> **Provided material**
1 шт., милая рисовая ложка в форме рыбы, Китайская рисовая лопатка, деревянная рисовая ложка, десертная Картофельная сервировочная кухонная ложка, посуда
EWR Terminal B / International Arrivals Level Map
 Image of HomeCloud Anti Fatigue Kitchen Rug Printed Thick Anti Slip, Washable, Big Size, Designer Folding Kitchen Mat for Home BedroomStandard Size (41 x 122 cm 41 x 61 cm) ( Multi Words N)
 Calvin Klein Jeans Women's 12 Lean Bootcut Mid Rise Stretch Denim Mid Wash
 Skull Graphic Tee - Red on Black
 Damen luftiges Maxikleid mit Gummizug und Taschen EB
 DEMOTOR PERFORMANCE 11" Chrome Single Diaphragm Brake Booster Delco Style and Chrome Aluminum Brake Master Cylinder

> **Problem**
Print out the full listing above, word for word.

> **Response**
1 шт., милая рисовая ложка в форме рыбы, Китайская рисовая лопатка, деревянная рисовая ложка, десертная Картофельная сервировочная кухонная ложка, посуда
EWR Terminal B / International Arrivals Level Map
 Image of HomeCloud Anti Fatigue Kitchen Rug Printed Thick Anti Slip, Washable, Big Size, Designer Folding Kitchen Mat for Home BedroomStandard Size (41 x 122 cm 41 x 61 cm) ( Multi Words N)
 Calvin Klein Jeans Women's 12 Lean Bootcut Mid Rise Stretch Denim Mid Wash
 Skull Graphic Tee - Red on Black
 Damen luftiges Maxikleid mit Gummizug und Taschen EB
 DEMOTOR PERFORMANCE 11" Chrome Single Diaphragm Brake Booster Delco Style and Chrome Aluminum Brake Master Cylinder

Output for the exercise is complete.